La siesta no es extraña para mí, soy entrerriana y mi niñez está surcada por horas y horas de aburrimiento en las que, si optaba por no dormir, debía rebuscármelas para jugar en el patio sin hacer el menor ruido, bajo amenaza de aparición de la Solapa y con la única compañía de las chicharras. Les deseo a les niñes del presente y futuro que experiencien el aburrimiento, no sin irritación. Las consecuencias de conseguir ante la mínima sensación de tedio una dosis inmediata de evasión y entretenimiento son absolutamente impredecibles para el devenir del cerebro humano, además de que te obturan la capacidad de elaborar una manera propia.

Quisiera terminar con dos pequeñas anécdotas que tienen que ver con la misma cosa. 

La primera es de cuando recién me había mudado a la ciudad de Rosario. Habíamos quedado con una compañera de la facultad en juntarnos a hacer un trabajo “tipo cuatro de la tarde”. Fui caminando tranquila hasta su casa, adonde llegué pasadas las cuatro y cuarto, todavía en horario según el rango de mi reloj entrerriano.
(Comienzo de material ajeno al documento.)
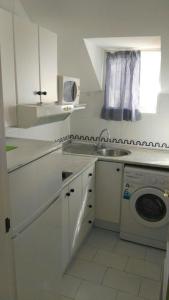 een witte keuken met een wastafel en een wasmachine bij Apartamento Década Cervantes 19 in Fuengirola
Al abrir la puerta mi compañera me cuestionó: “¿No habíamos dicho a las cuatro?”, a lo que inocentemente contesté que “Dijimos tipo cuatro”. En ese tipo se signa toda una relación de grados de laxitud o rigurosidad con los horarios que, pese a la convención universal del tiempo, cada lugar maneja según criterios compartidos e implícitos, es decir, culturales. 

Para intentar explicar las dilaciones grandiosas aquí en Santiago, me gustó algo que escuché ayer: “Acá la hora es una idea”. Y eso me hizo acordar a la segunda anécdota, relacionada con el tema de esta bitácora. Una vez, en mi anteúltimo día de visita en una ciudad de Entre Ríos, estaba teniendo una charla distendida con un montevideano que me preguntó a qué hora me iba al día siguiente. Mi respuesta fue “A la siesta” y él, impresionado, me dijo: “¿Cómo? ¿La siesta es una hora para ustedes?”.